* _Work instructions_: Only the lines below from the one containing "Aerial shot of" through the one containing "Bride and groom" belong in the answer, set down exactly, with the pictures left out.

* _Extracted data_:
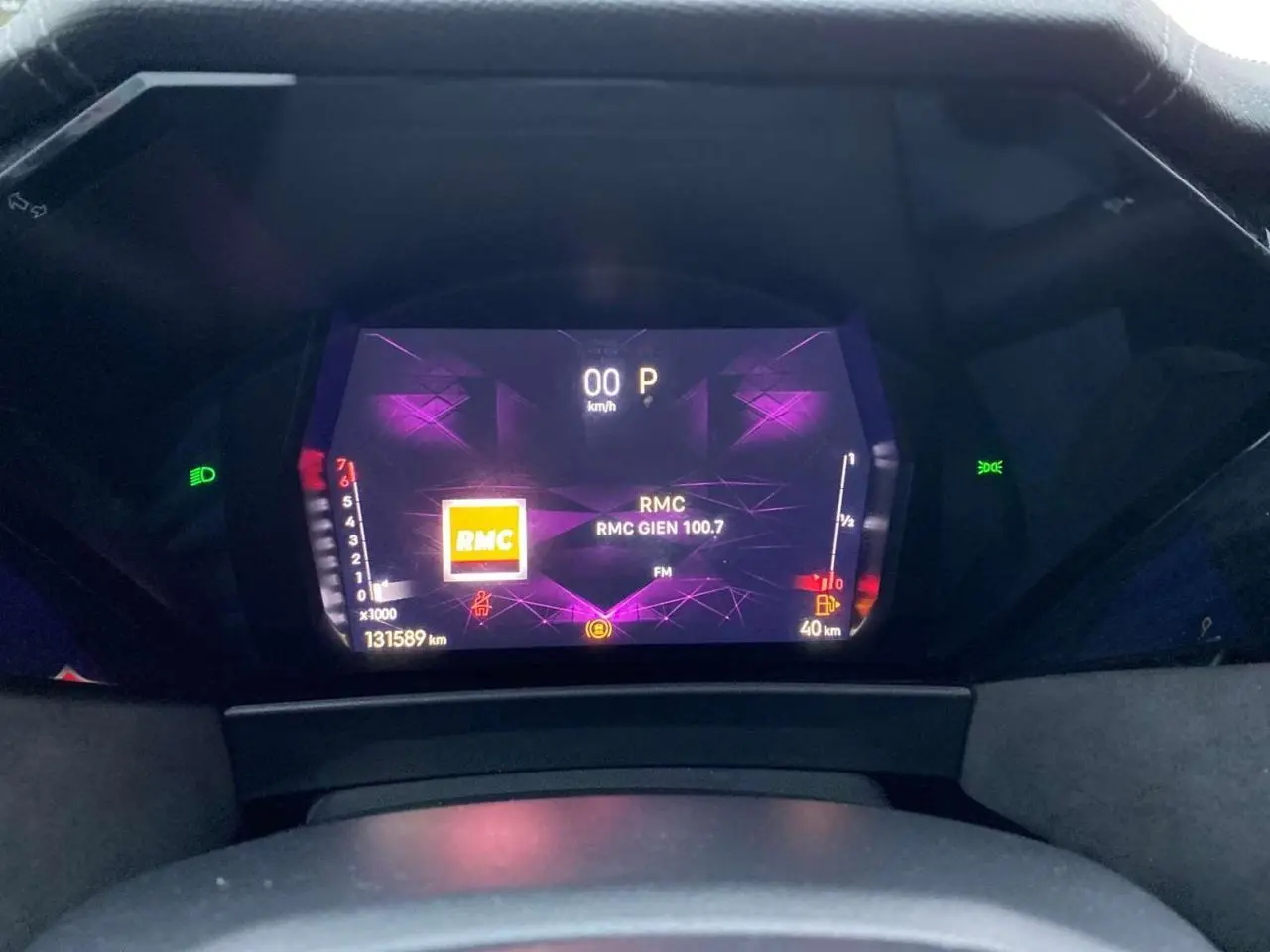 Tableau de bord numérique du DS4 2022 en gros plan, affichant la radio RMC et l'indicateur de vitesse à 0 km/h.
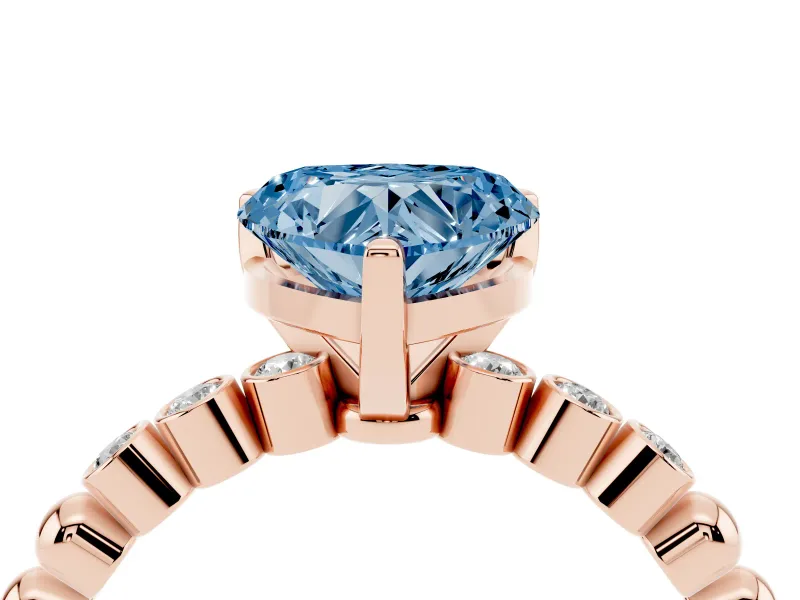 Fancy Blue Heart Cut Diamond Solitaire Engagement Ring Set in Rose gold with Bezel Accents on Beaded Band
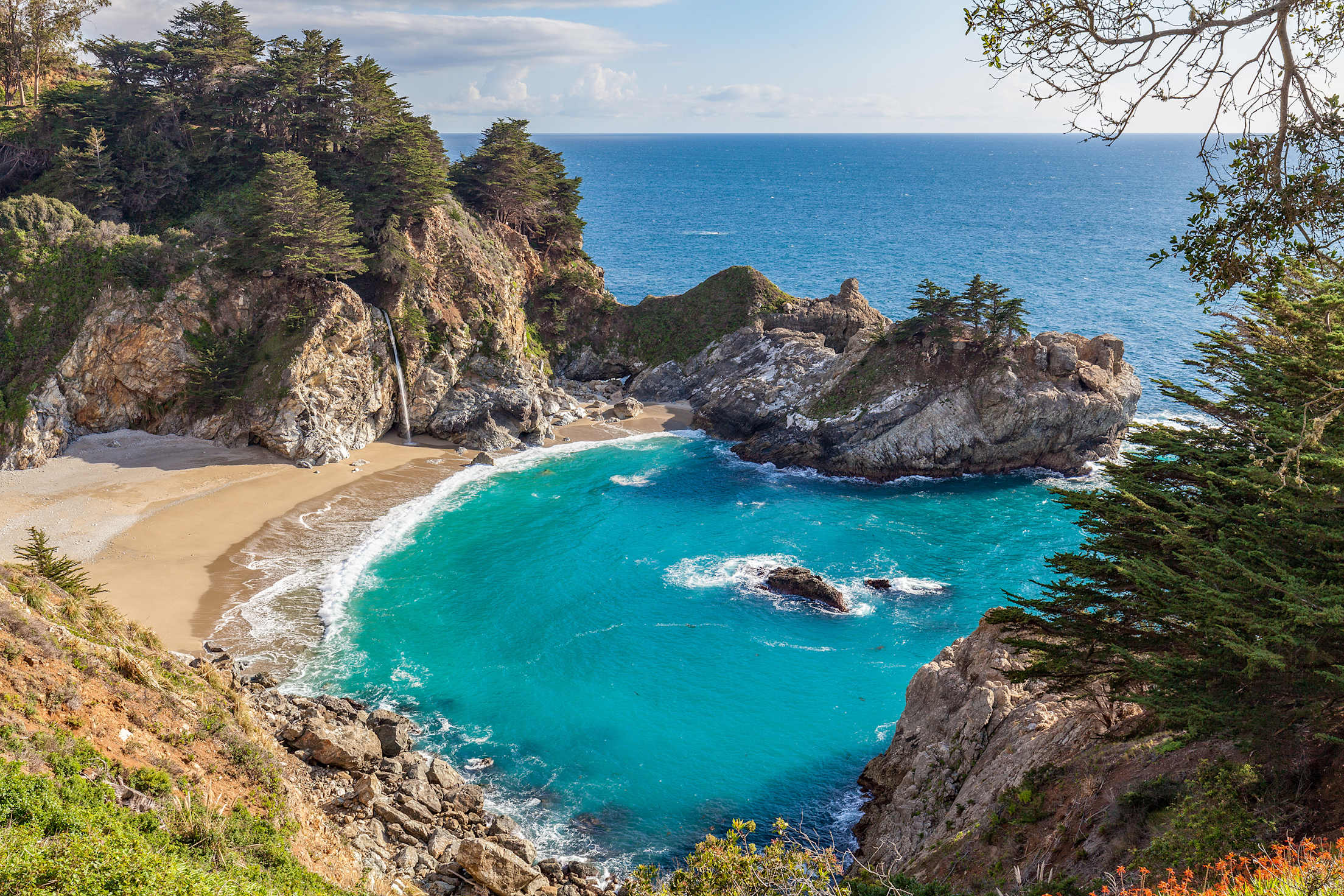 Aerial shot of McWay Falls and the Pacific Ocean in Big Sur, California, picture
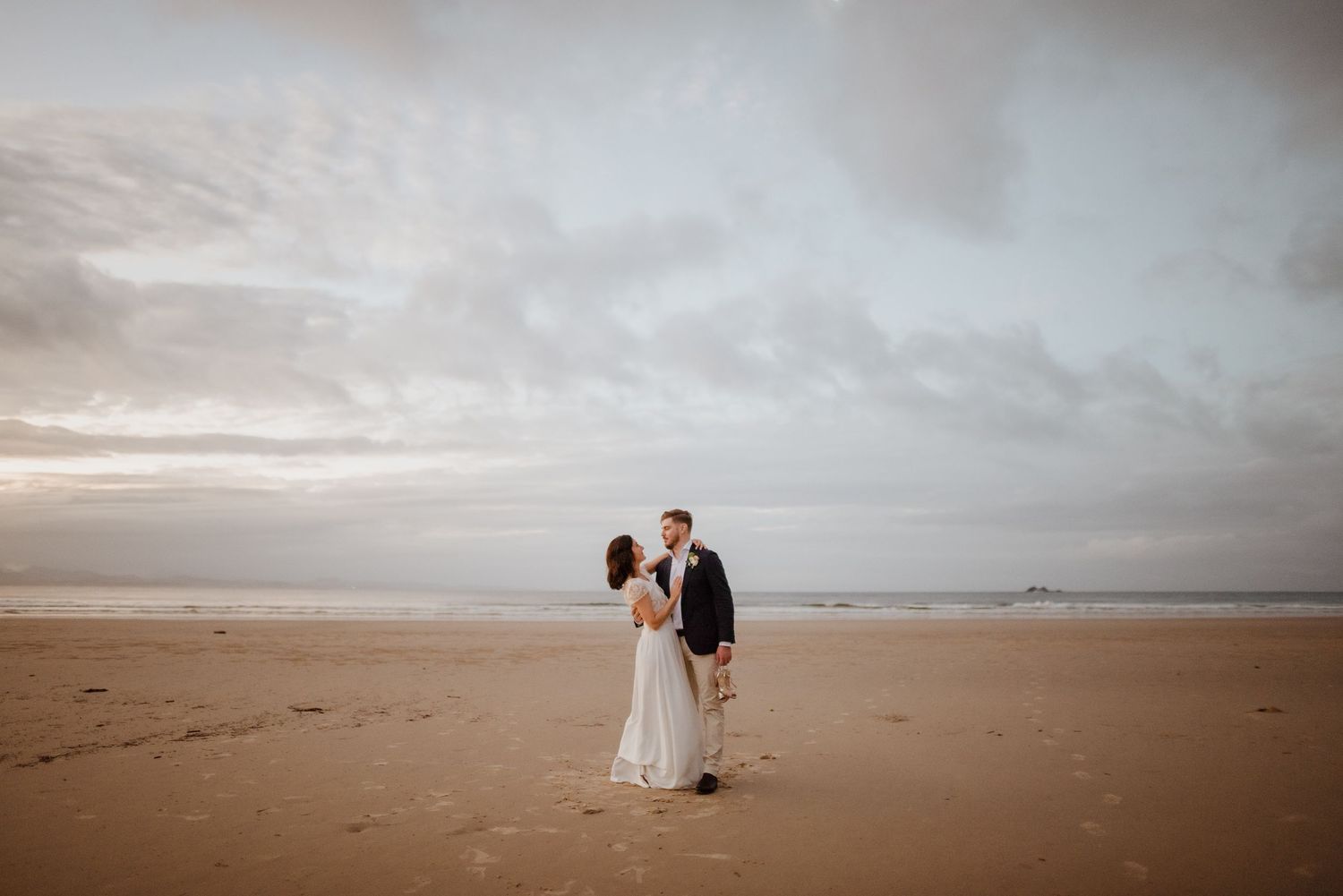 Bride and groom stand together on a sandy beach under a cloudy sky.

...

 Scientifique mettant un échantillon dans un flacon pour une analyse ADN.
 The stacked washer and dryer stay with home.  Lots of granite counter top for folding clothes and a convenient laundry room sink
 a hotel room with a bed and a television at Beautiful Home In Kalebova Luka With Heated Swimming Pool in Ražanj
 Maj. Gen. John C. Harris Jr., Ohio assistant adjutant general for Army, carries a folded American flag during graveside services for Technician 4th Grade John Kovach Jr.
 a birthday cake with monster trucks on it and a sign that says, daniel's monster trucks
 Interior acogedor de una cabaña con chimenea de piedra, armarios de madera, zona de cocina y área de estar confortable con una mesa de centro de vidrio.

* _Task solution_:
 Aerial shot of McWay Falls and the Pacific Ocean in Big Sur, California, picture
 Bride and groom stand together on a sandy beach under a cloudy sky.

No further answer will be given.